Allowing for injuries, such as those that affected Conor Murray, Ciaran Frawley, Joey Carbery and Rob Henshaw, for others the last month might seem like an opportunity lost.

Kieran Treadwell. It might seem strange to describe this window as a setback for a player whose start against Fiji represented his sixth cap in a row, in addition to starting both Maori games. But having been replaced with half an hour remaining, to then be supplanted by McCarthy last weekend looked significant.

Gavin Coombes. The number ‘8′ was arguably Ireland’s best player in the two Maori games, not least when the going was tough, but having been named in the original squad he was sent back to Munster after making little impact in the ‘A’ game, while Deegan was promoted.

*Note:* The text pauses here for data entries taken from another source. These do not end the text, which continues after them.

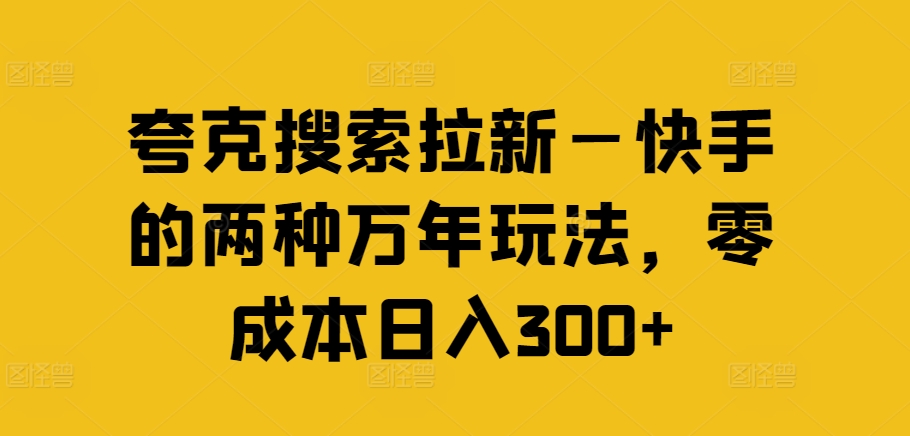夸克搜索拉新—快手的两种万年玩法，零成本日入300+-川融创客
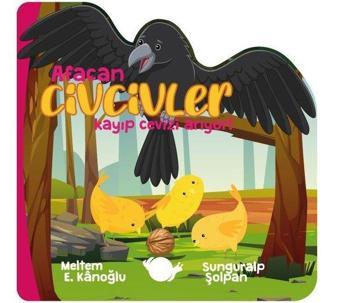 Afacan Civcivler - Kayıp Cevizi Arıyor! - Meltem Erinçmen Kanoğlu - Çikolata Yayınevi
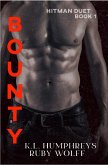 Bounty (Hitman Duet, #1) (eBook, ePUB) Bounty (Hitman Duet, #1) (eBook, ePUB)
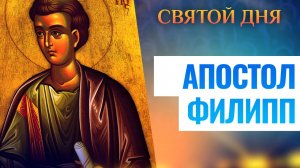 АПОСТОЛ ФИЛИПП. СВЯТОЙ ДНЯ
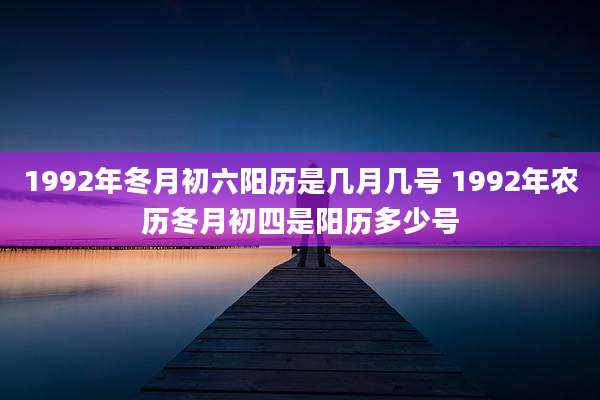 1992年冬月初六阳历是几月几号 1992年农历冬月初四是阳历多少号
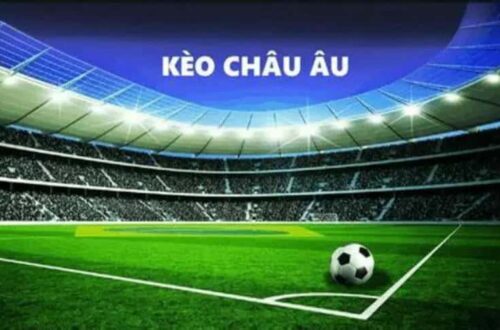 Kèo châu Âu là gì và cách đọc kèo chuẩn xác tại Nhatvip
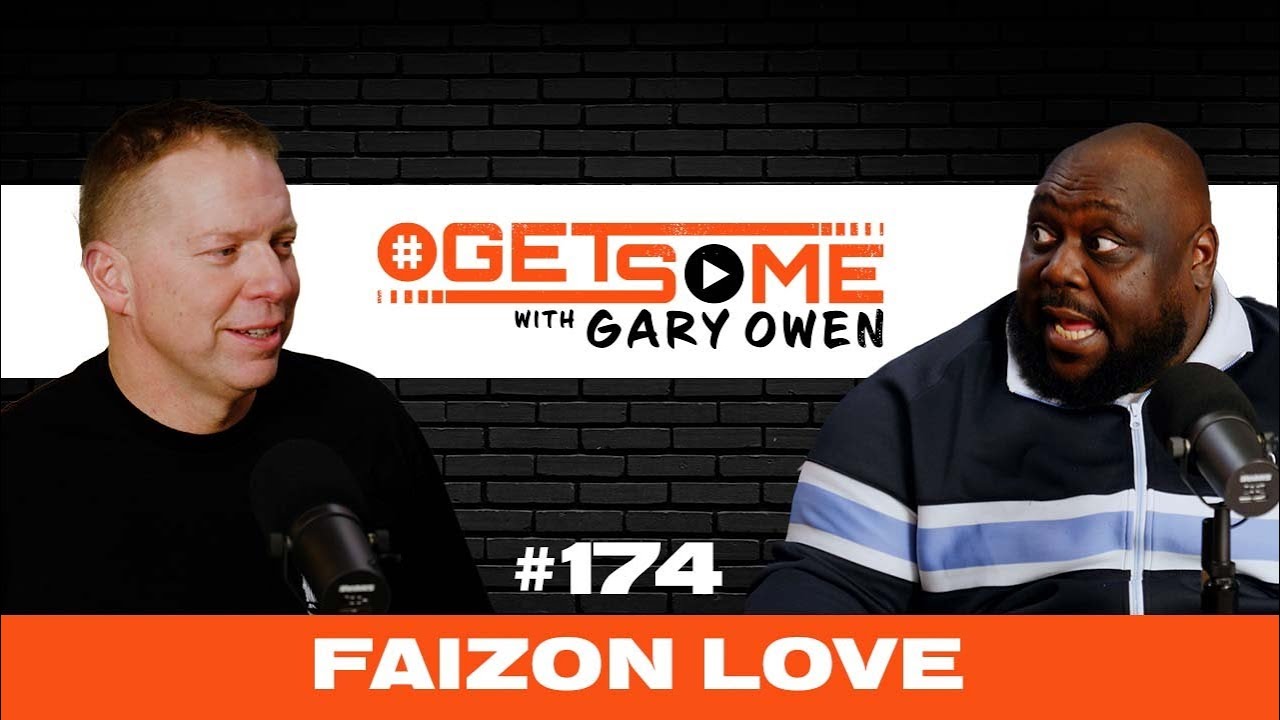 Faizon Love  |  #GetSome Ep. 174 with Gary Owen
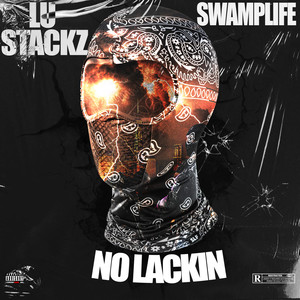 No Lackin (Explicit)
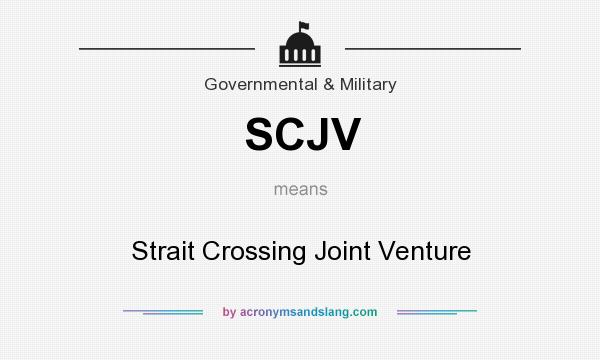 What does SCJV mean? It stands for Strait Crossing Joint Venture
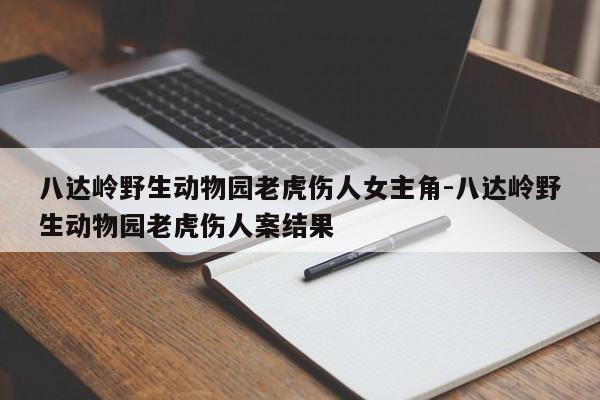 八达岭野生动物园老虎伤人女主角-八达岭野生动物园老虎伤人案结果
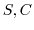 $S,C$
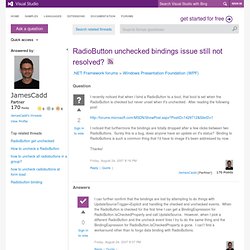 RadioButton unchecked bindings issue still not resolved?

Michael Lowry. On fire for Ulster when beating the first tackle for fun this season, he went into the window as apparent back-up to Hugo Keenan but after that one outing for the A side he never featured in the three Tests.

Jacob Stockdale. Just one undistinguished outing for the ‘A’ side represents a disappointing return for the man who scored seven tries in the 2018 Six Nations. Not to have a chance to demonstrate his X factor and left boot in Lowe’s absence makes this window more of a setback.

James Hume. Had seemingly established himself as one of the four centres in the mix and back-up to Garry Ringrose last season, but after being injured in the first Maori game his only outing this month was when receiving a fierce buffeting at inside centre in the ‘A’ game.